From the top of the entries, reproduce each line exactly, stopping after the line that contains "DermaSil | Fita Cicatrizante". Omit pictures.
------ Data shown ------
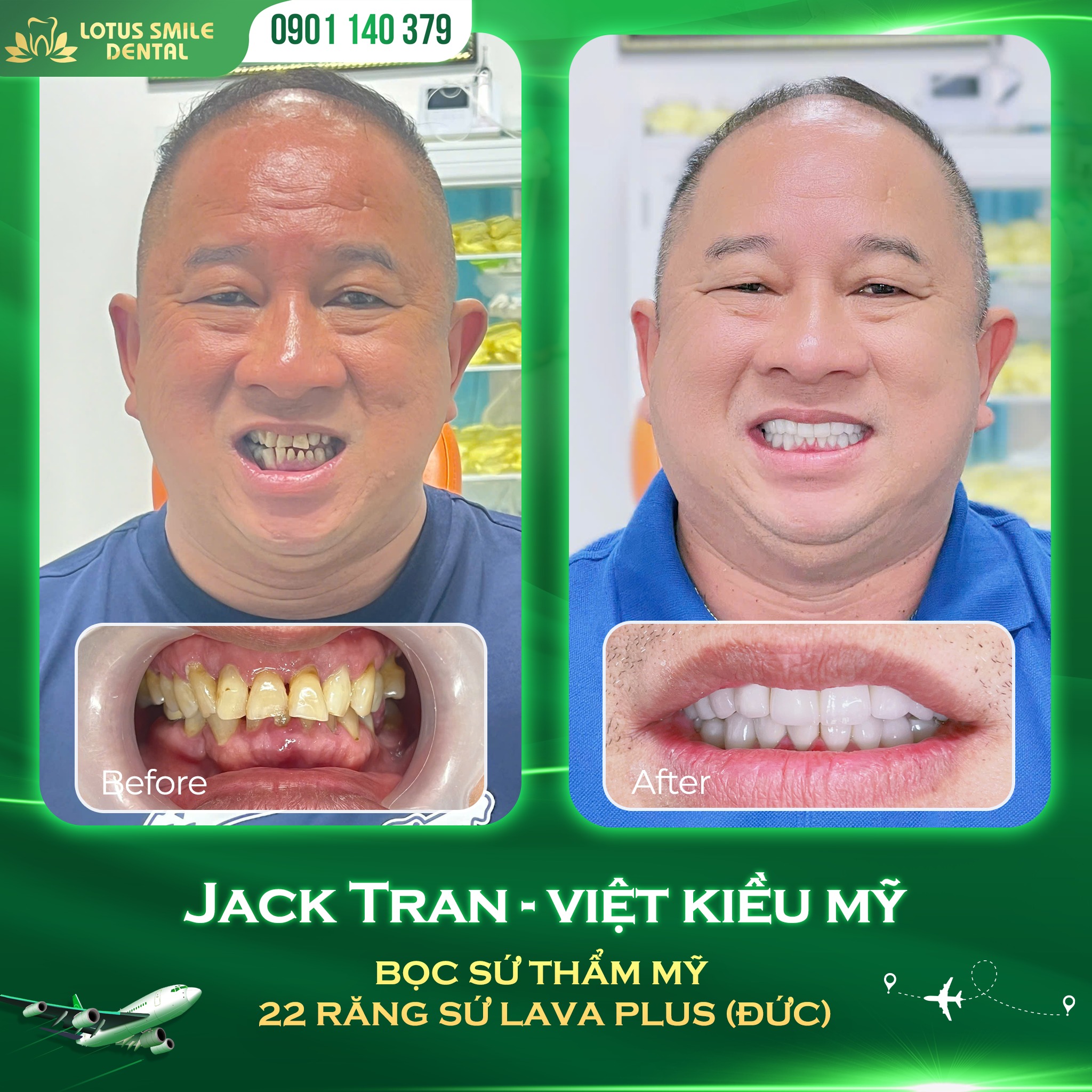 DaNangPorcelaindentalcrowns-BọcrăngsứĐàNẵng(3)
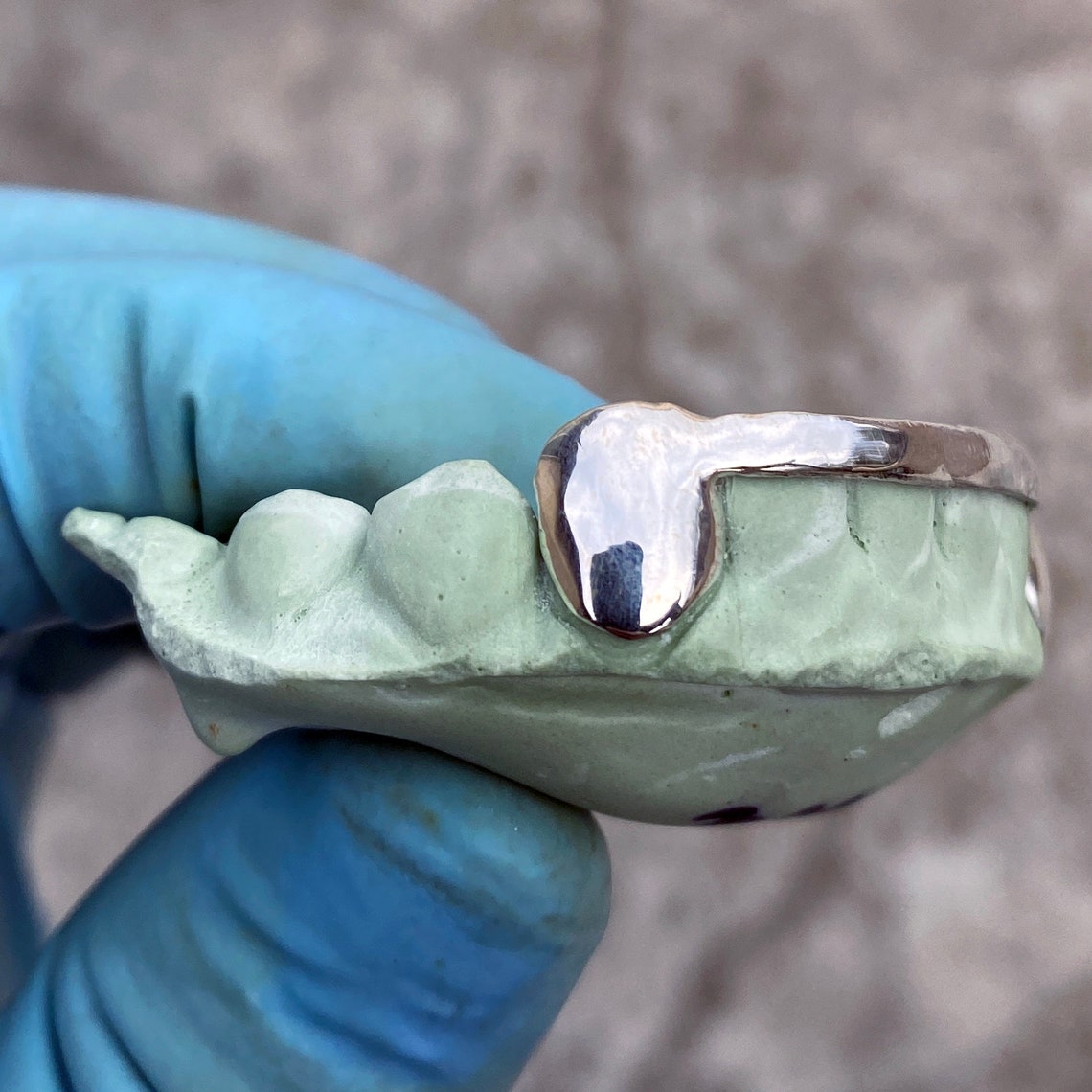 925 Sterling Silver Custom Fitted Tooth Caps Grillz Set Real Etsy Canada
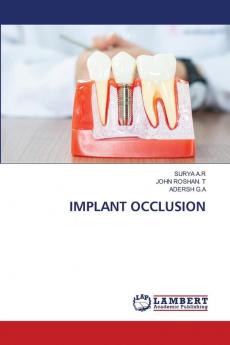 IMPLANT OCCLUSION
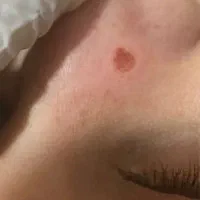 پاکسازی پوست دائمی|خدمات آرایشگری و زیبایی|قرچک, میرزائی جنوبی|دیوار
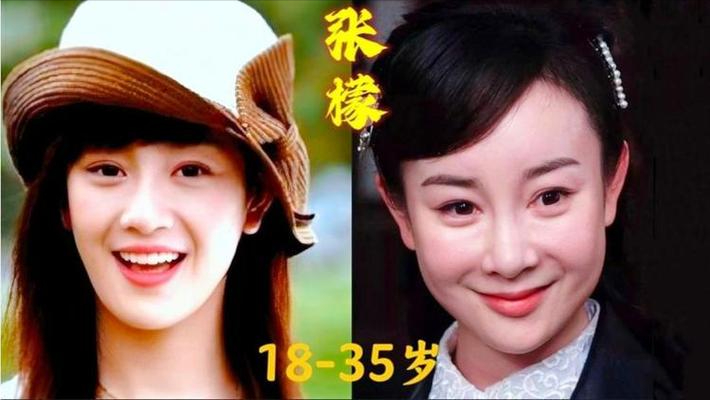 毁在医美的女星：彭丹像伏地魔，张檬“人身蛇脸”，王思懿认不出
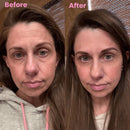 DermaSil | Fita Cicatrizante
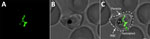 Visualization of the apicoplast organelle inside a malaria parasite. Microscopy image of a Plasmodium falciparum transgenic parasite expressing a green fluorescent protein (GFP) fused to a transit peptide, which marks the apicoplast. A) Apicoplast visualized through targeted GFP; B) bright field showing P. falciparum parasite in human RBC; C) merged image of GFP and bright field. Outer dashed line depicts the membrane of the iRBC. Inner dashed line depicts the cell membrane of the intraerythrocytic parasite. The intricate green structure is the apicoplast in its elongated phase during the last hours of the intraerythrocytic cell cycle. FV appears as a black sac-like structure. Image taken using a confocal microscope; scale bar indicates 1.25 µm. FV, food vacuole; iRBC, infected red blood cell.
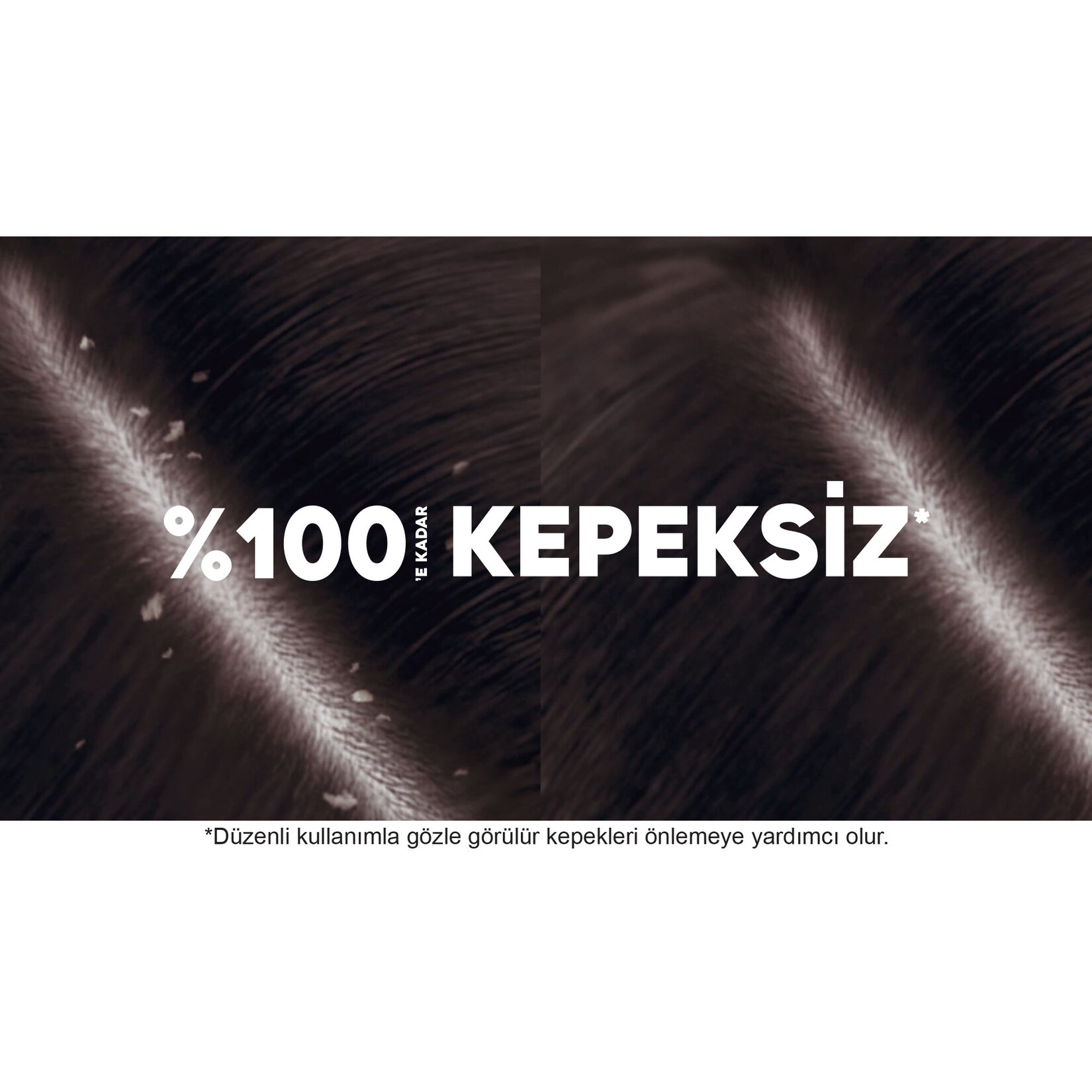 Head & Shoulders Klasik Bakım 2in1 Kepeğe Karşı Etkili Şampuan 250 Ml - Görsel 4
------
> **Answer to the problem**:
 DaNangPorcelaindentalcrowns-BọcrăngsứĐàNẵng(3)
 925 Sterling Silver Custom Fitted Tooth Caps Grillz Set Real Etsy Canada
 IMPLANT OCCLUSION
 پاکسازی پوست دائمی|خدمات آرایشگری و زیبایی|قرچک, میرزائی جنوبی|دیوار
 毁在医美的女星：彭丹像伏地魔，张檬“人身蛇脸”，王思懿认不出
 DermaSil | Fita Cicatrizante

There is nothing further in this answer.